**WORK TO BE COMPLETED:**
Beginning with the line that contains "White, 30/cs PolyPro", retype the entries below exactly, ending with the line that contains "Onegif Apple Iphone". Leave out any pictures.

**EXERCISE INPUTS:**

━━━━

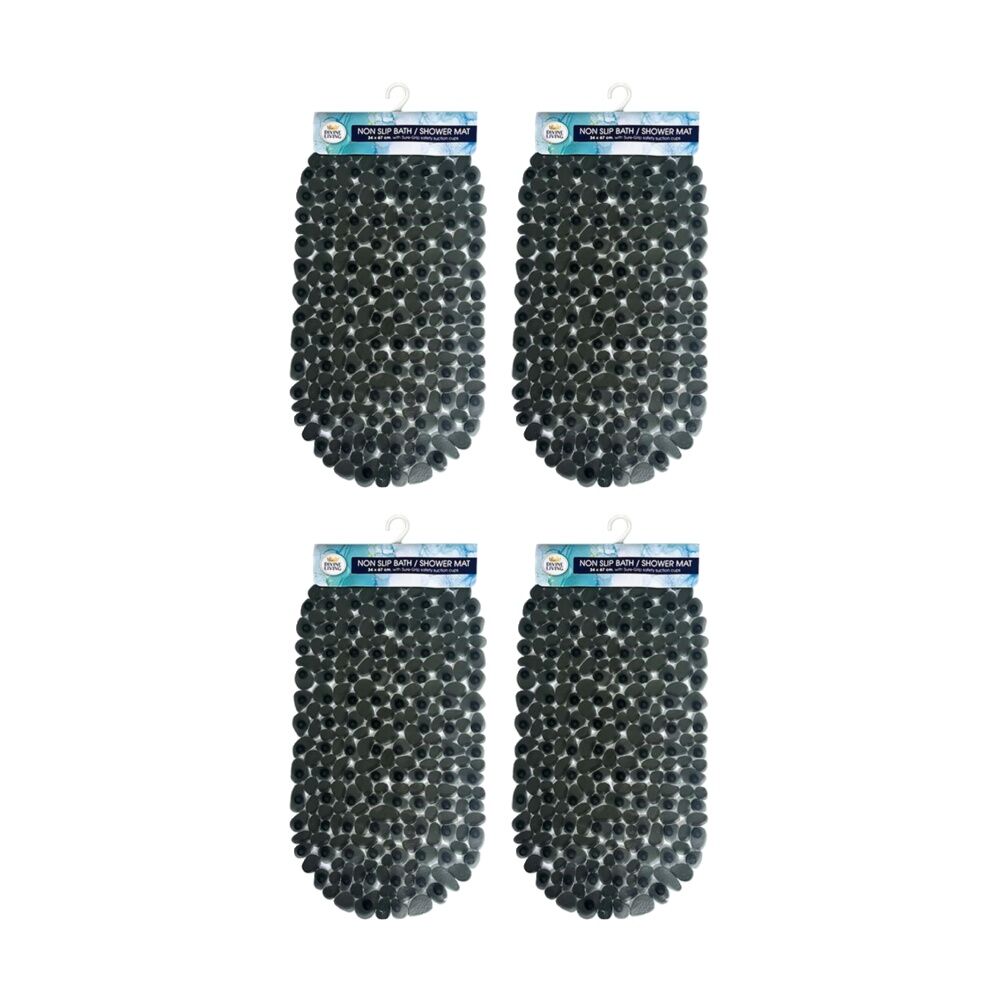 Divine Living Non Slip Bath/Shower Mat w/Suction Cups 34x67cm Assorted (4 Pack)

━━━━

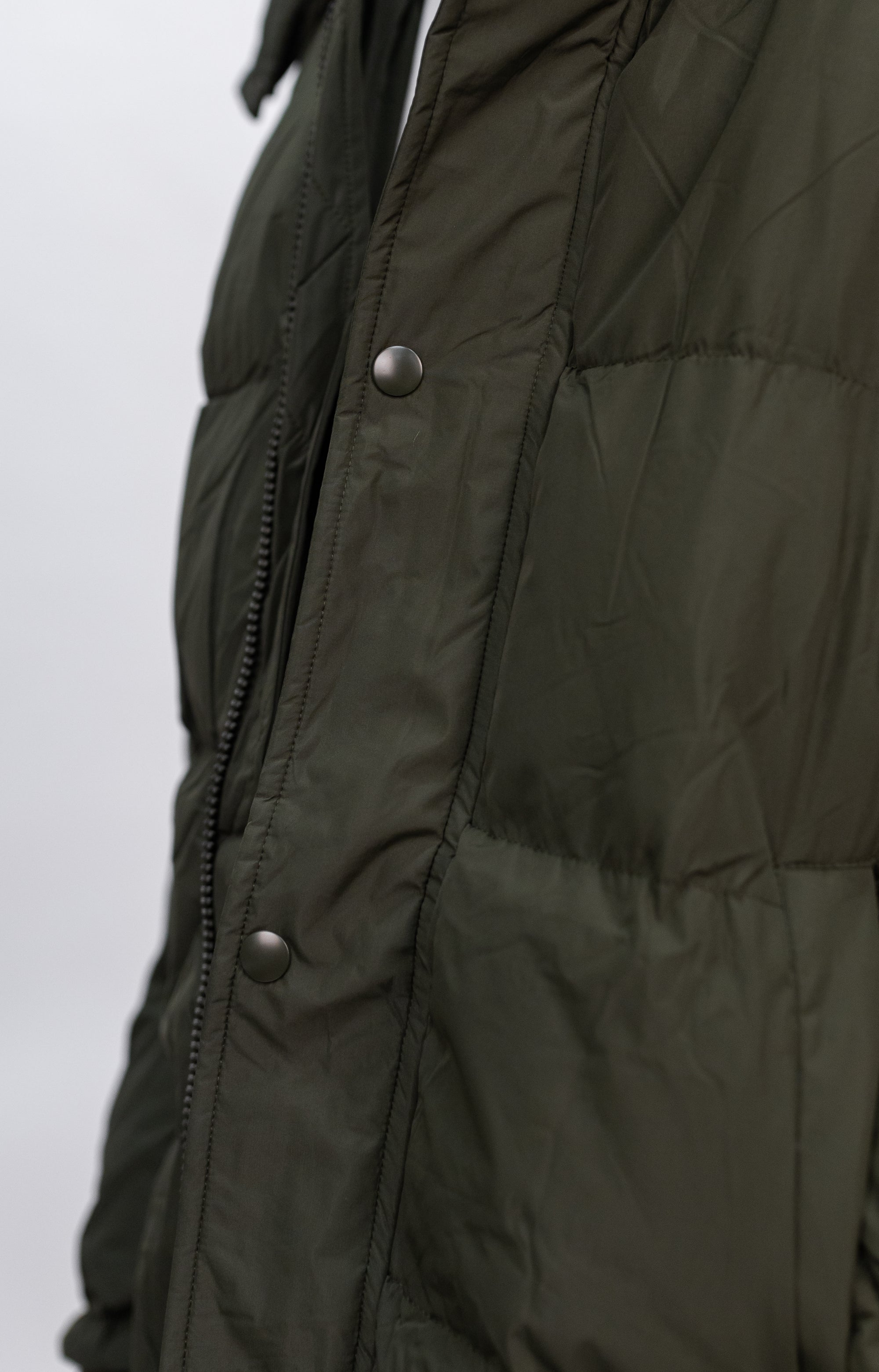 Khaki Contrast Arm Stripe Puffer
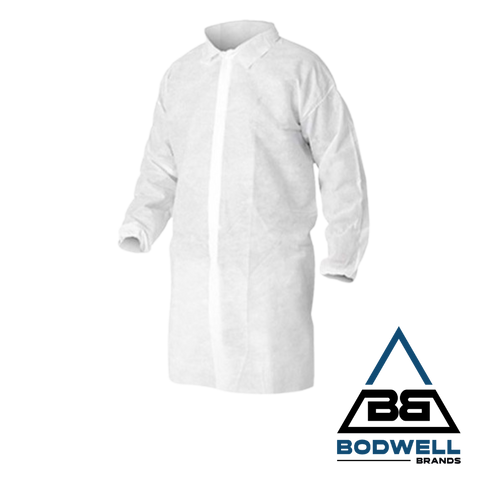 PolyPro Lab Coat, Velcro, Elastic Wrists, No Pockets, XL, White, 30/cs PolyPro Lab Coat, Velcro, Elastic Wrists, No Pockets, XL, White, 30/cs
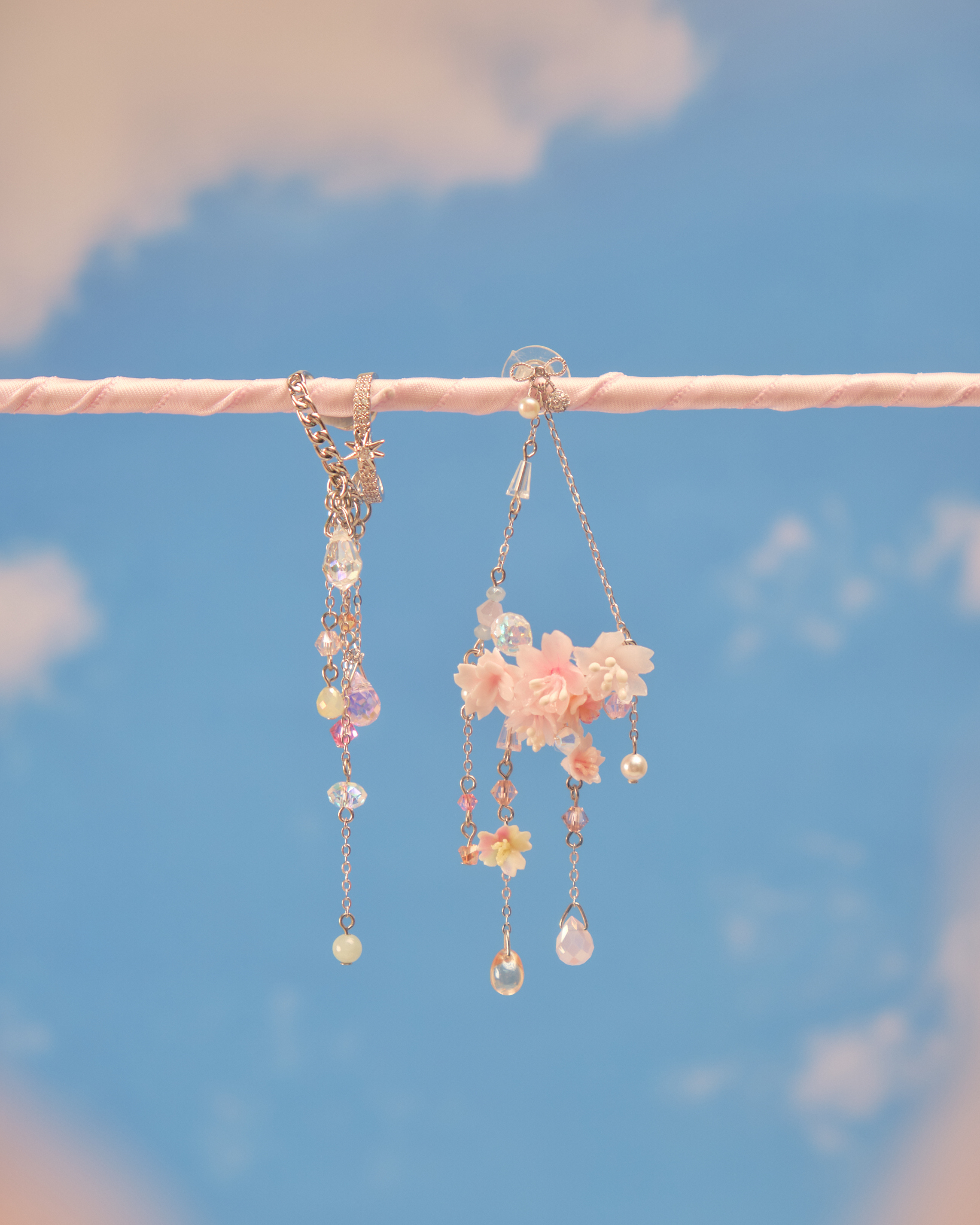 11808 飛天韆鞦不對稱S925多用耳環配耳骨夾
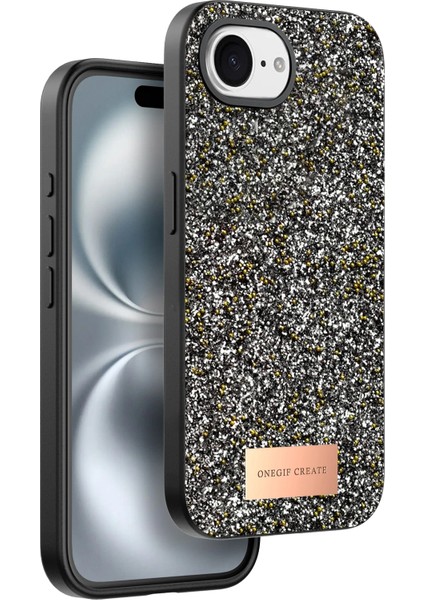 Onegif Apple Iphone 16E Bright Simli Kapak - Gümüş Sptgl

━━━━

**TASK SOLUTION:**
 PolyPro Lab Coat, Velcro, Elastic Wrists, No Pockets, XL, White, 30/cs PolyPro Lab Coat, Velcro, Elastic Wrists, No Pockets, XL, White, 30/cs
 11808 飛天韆鞦不對稱S925多用耳環配耳骨夾
 Onegif Apple Iphone 16E Bright Simli Kapak - Gümüş Sptgl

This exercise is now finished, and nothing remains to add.